La presenza di basi americane sul proprio territorio è ancora un deterrente per la propria difesa? Ultimamente se lo chiedono in molti, soprattutto i Paesi arabi che sull’ombrello americano hanno investito molto della loro strategia difensiva. Il dubbio non nasce da cambiamenti nel mondo, né dalla politica apparentemente strampalata di Trump. Nasce da fatti che hanno coinvolto il Qatar, l’alleato statunitense più stretto della Regione. Il Qatar, infatti, ospita la base di Al Udeid, uno dei presidi militari americani più grandi e strategicamente importanti nella regione.
Missili sulla base aerea
Il primo fatto è l’attacco missilistico iraniano del 23 giugno proprio contro la base aerea di Al Udeid. L’attacco è stato una risposta a operazioni militari degli Stati Uniti contro le strutture nucleari iraniane del 22 giugno, nell’ambito della guerra tra Iran e Israele. Il secondo fatto è avvenuto, sempre in Qatar, il 9 settembre, quando le Forze di difesa israeliane (Idf) hanno condotto un attacco aereo nel quartiere di Leqtaifiya, a Doha, per uccidere i capi di Hamas, che trattavano il cessate il fuoco per Gaza.

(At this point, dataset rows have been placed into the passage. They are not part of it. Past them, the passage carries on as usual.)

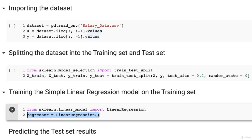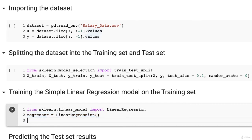We have a model, but now we have to train it on the training set. We need to connect it to the training set, and the function that does this is called the fit function. Remember this, because this is your first machine learning model and the first time you'll use this fit method — and you're going to use it all the time whether you're doing neural networks or anything in artificial intelligence.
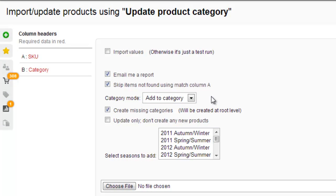If the categories don't exist in Brightpearl, you can actually create them using this spreadsheet by ticking the box Create Missing Categories. These are all created at the root level, so you'll need to move them into the right place in your category hierarchy once they've been imported.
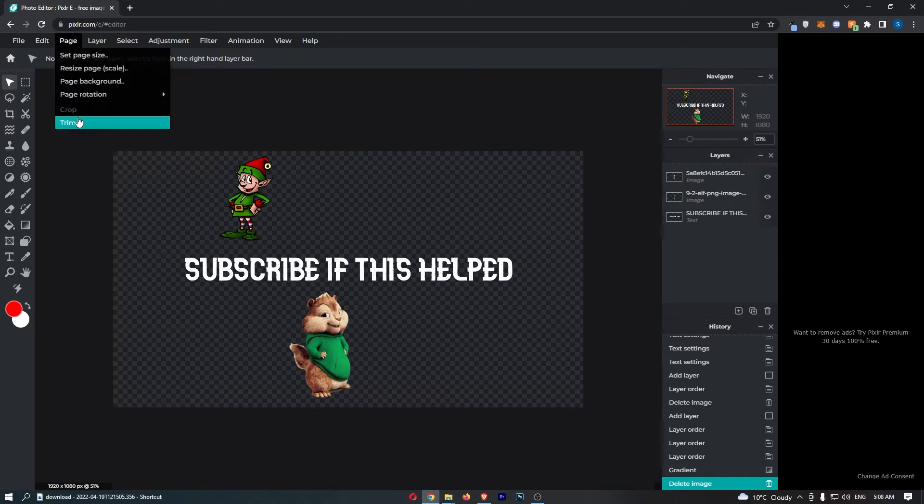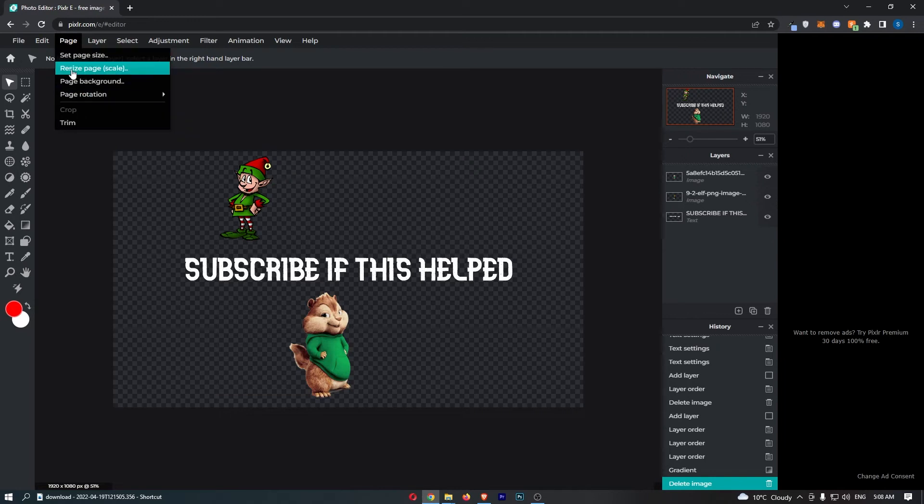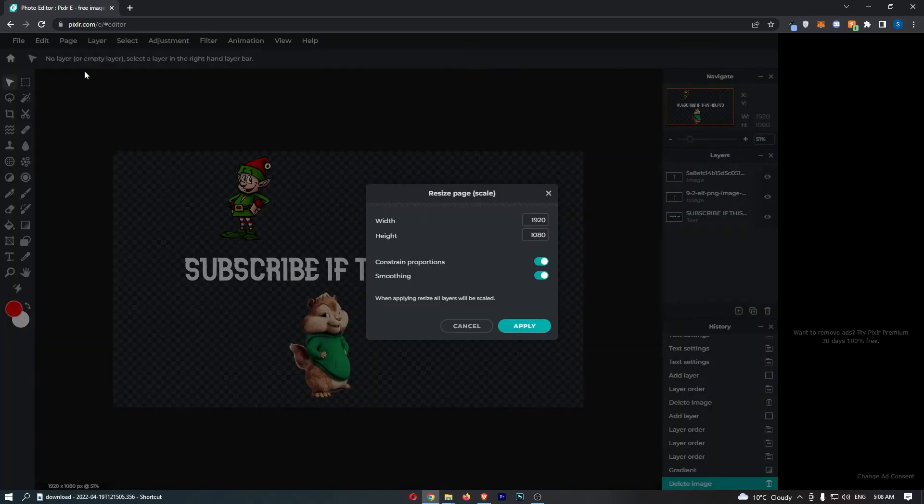Once you click on page, you will see it opens up this drop-down menu, so just click on resize page and scale in brackets. Click on this and then we can choose the width and height of this page.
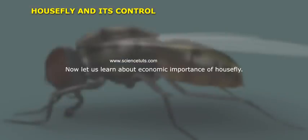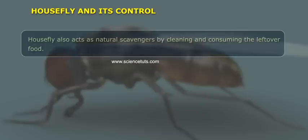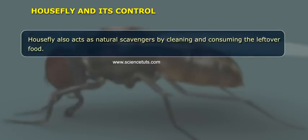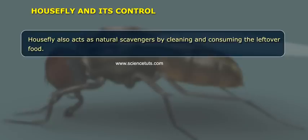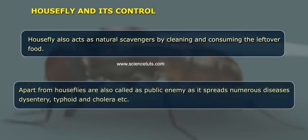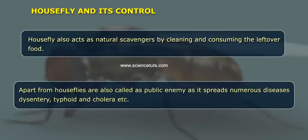Now let us learn about the economic importance of the house fly. House fly also acts as a natural scavenger by cleaning and consuming leftover food. Apart from that, house flies are also called a public enemy as they spread numerous diseases like dysentery, typhoid, and cholera, etc.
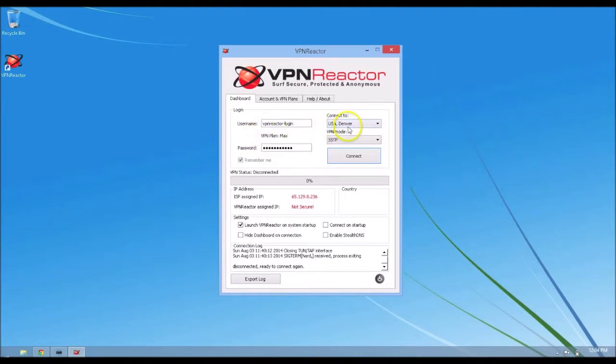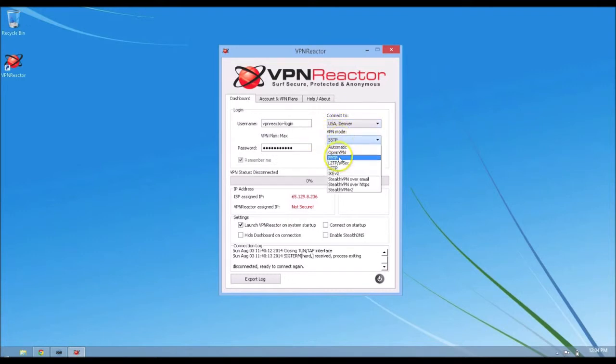And over here, I'm going to select USA. And right here, make sure that SSTP is selected. And click connect.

La dissuasione sempre meno efficace
Il primo fatto è una replica agli americani su suolo straniero; il secondo un attacco di un alleato degli Usa su un territorio che gli americani sono chiamati a difendere, già solo con la loro presenza. Sono precedenti che incrinano l’immagine della deterrenza americana. Così l’Arabia Saudita ha siglato un patto di difesa col Pakistan, uno dei nove Paesi con bombe nucleari. Riad è legata da quasi un secolo agli Usa, ma il primo allontanamento era avvenuto con l’ingresso dei sauditi nei Brics+. Il nuovo rapporto col Pakistan marca ulteriori distanze dagli americani. Per gli Usa il Medio Oriente è sempre più spinoso.